- **Dataset entries**:

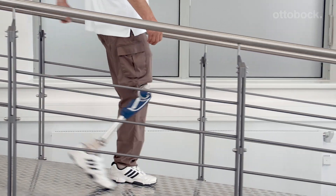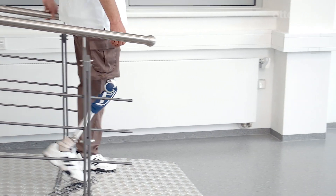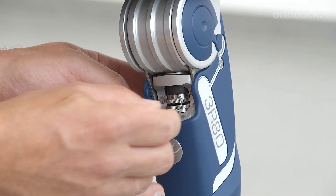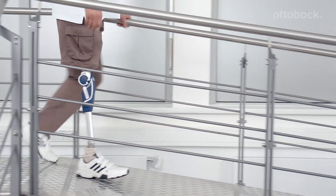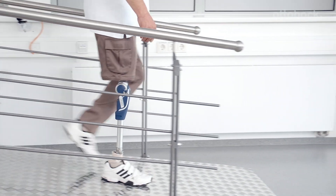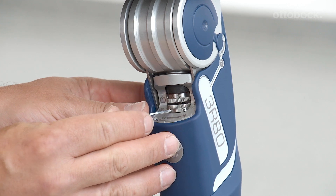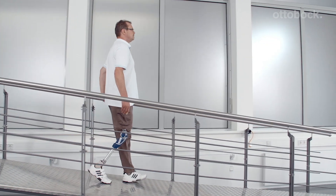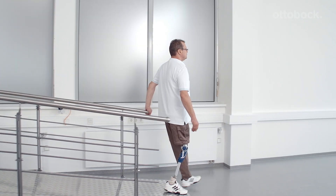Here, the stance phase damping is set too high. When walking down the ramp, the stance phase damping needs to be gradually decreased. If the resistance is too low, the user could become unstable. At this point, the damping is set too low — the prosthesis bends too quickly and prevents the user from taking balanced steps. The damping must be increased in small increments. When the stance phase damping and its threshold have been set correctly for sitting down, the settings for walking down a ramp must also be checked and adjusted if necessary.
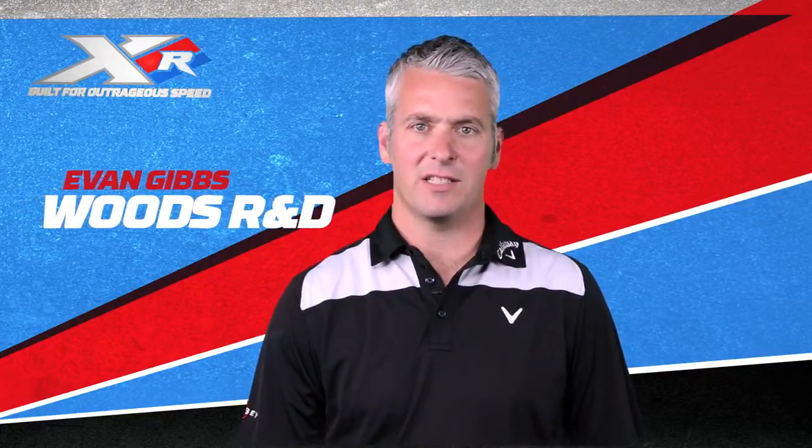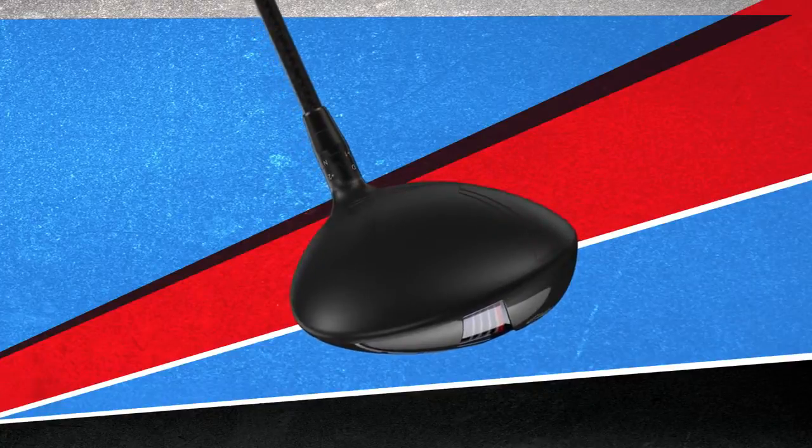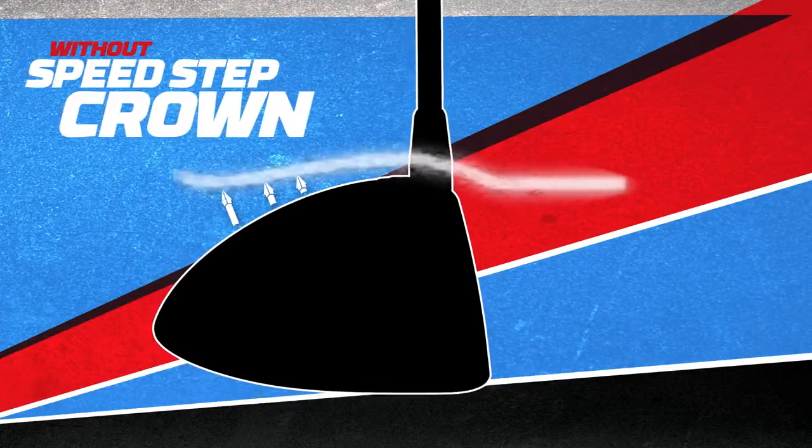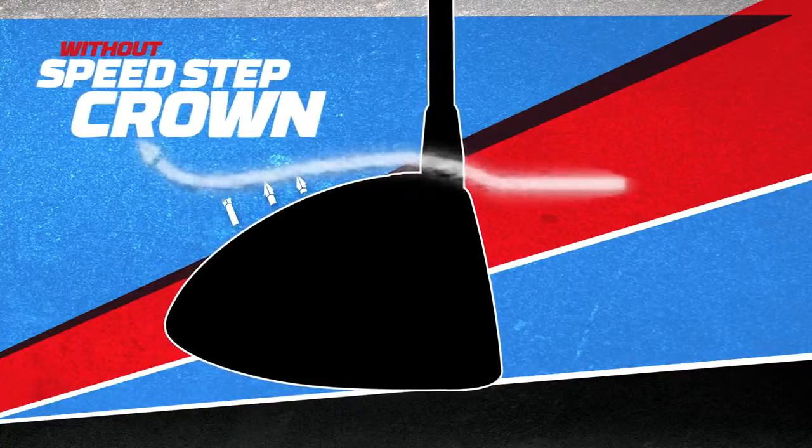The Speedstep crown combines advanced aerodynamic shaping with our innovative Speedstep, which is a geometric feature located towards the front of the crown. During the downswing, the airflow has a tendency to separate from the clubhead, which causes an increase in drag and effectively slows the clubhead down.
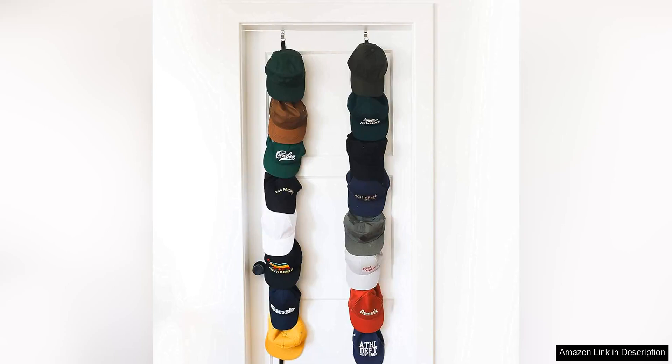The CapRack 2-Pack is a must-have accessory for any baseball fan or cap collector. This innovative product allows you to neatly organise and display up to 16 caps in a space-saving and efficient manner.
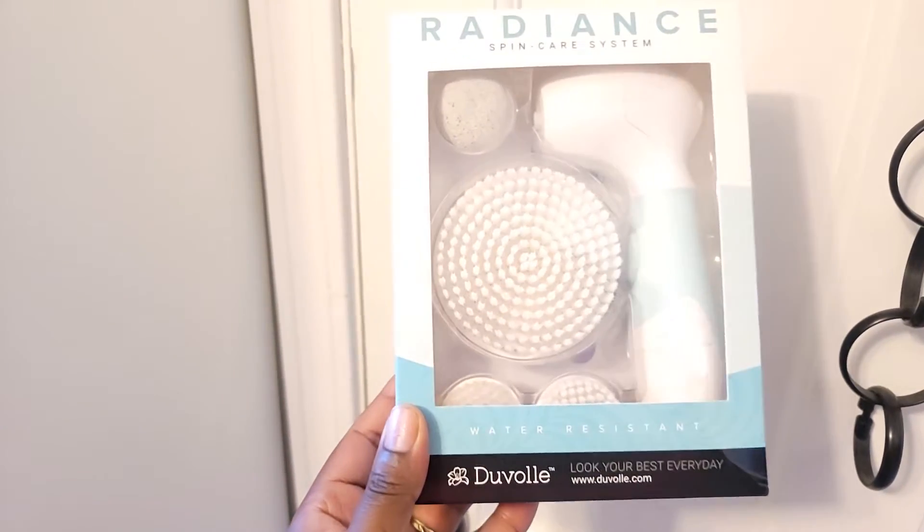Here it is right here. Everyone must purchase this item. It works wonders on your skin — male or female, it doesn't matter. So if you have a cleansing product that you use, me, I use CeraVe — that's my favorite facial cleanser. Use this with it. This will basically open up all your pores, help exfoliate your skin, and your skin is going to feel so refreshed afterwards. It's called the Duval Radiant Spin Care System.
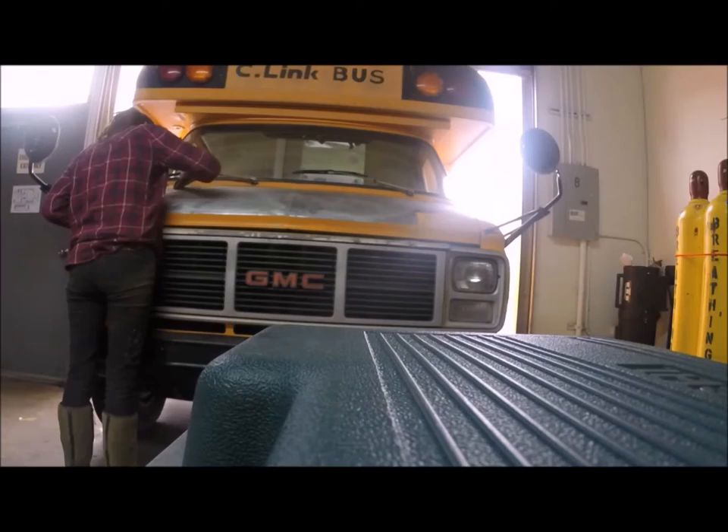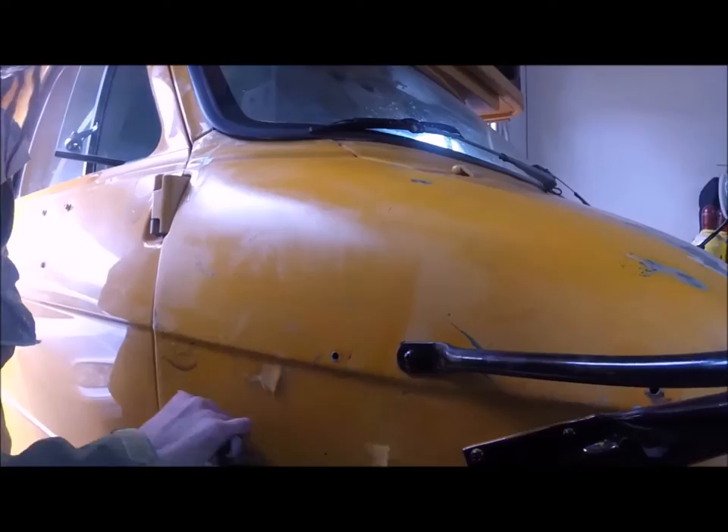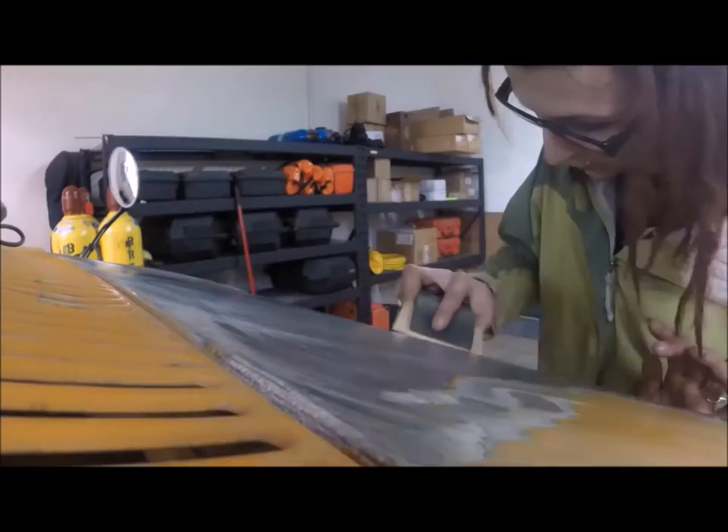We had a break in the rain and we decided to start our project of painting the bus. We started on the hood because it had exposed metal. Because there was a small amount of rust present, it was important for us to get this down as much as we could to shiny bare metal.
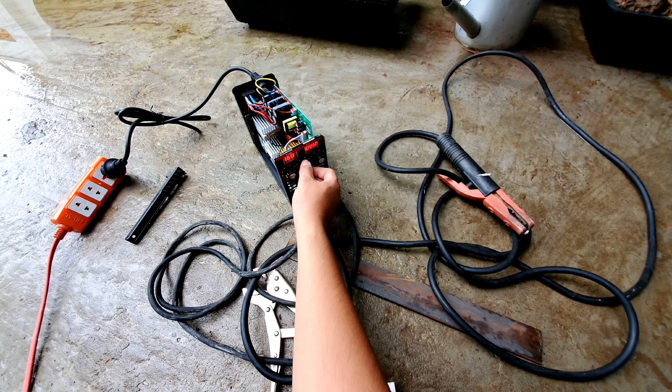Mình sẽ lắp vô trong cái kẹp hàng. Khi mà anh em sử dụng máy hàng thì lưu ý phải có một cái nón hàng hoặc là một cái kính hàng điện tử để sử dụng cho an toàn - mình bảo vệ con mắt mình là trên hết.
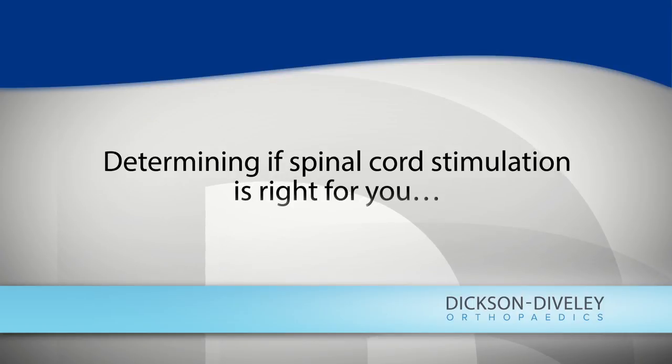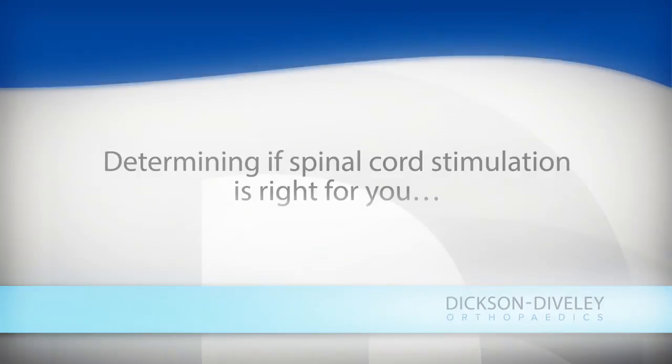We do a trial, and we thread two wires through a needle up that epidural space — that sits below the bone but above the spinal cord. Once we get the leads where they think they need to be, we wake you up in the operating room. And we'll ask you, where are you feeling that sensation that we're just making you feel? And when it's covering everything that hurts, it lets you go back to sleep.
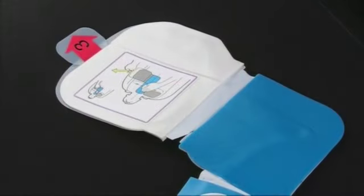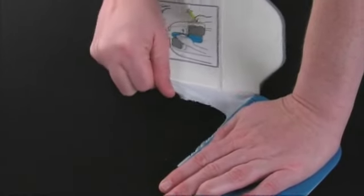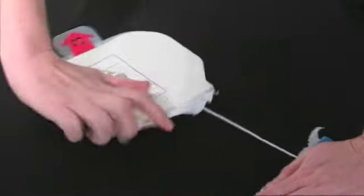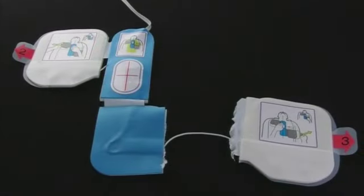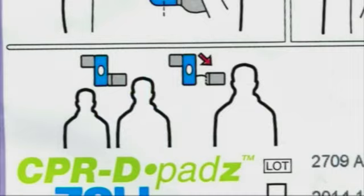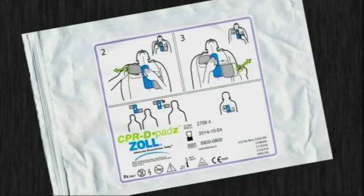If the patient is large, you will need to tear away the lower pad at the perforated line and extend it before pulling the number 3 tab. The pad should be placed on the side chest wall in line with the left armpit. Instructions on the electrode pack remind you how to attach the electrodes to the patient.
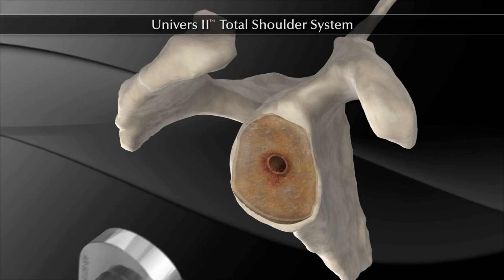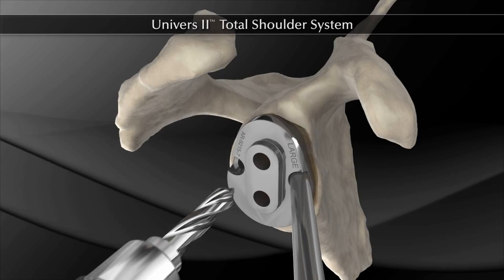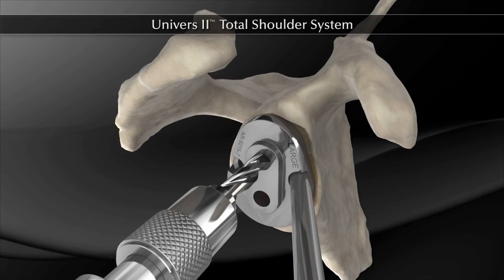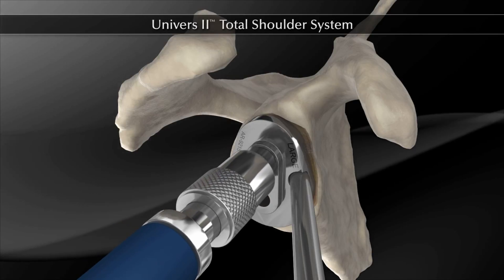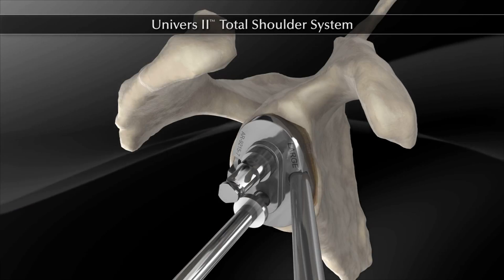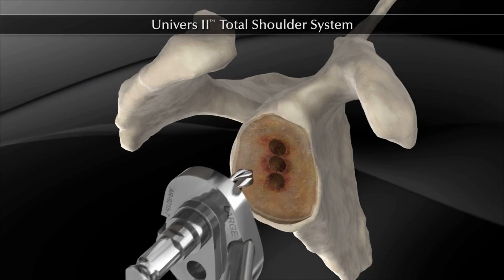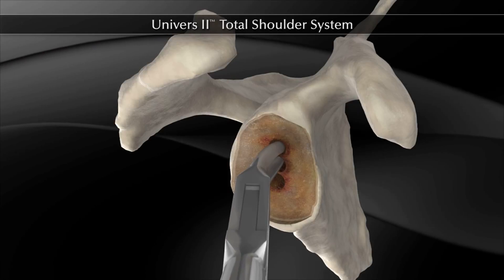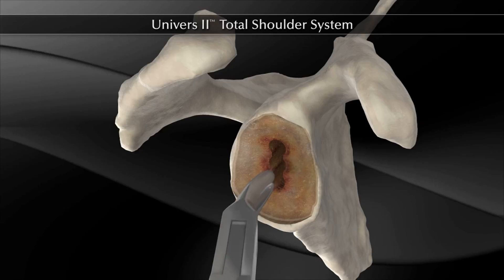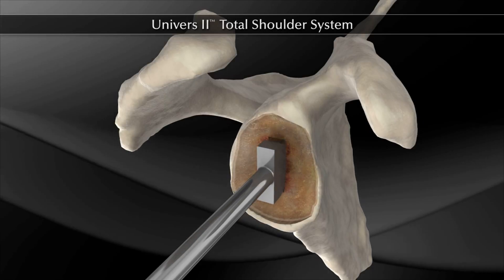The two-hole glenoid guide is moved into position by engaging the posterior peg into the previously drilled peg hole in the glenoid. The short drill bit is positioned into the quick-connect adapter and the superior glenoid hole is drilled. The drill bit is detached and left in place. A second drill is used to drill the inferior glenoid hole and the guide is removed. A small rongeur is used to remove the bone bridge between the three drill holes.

- **YOUR GOAL**:
Copy the lines above exactly, starting at the one with "The Speedstep crown" and ending at the one with "The CapRack 2-Pack", both included. Leave out any pictures and add nothing else.

- **SOLVED EXERCISE**:
The Speedstep crown combines advanced aerodynamic shaping with our innovative Speedstep, which is a geometric feature located towards the front of the crown. During the downswing, the airflow has a tendency to separate from the clubhead, which causes an increase in drag and effectively slows the clubhead down.
The CapRack 2-Pack is a must-have accessory for any baseball fan or cap collector. This innovative product allows you to neatly organise and display up to 16 caps in a space-saving and efficient manner.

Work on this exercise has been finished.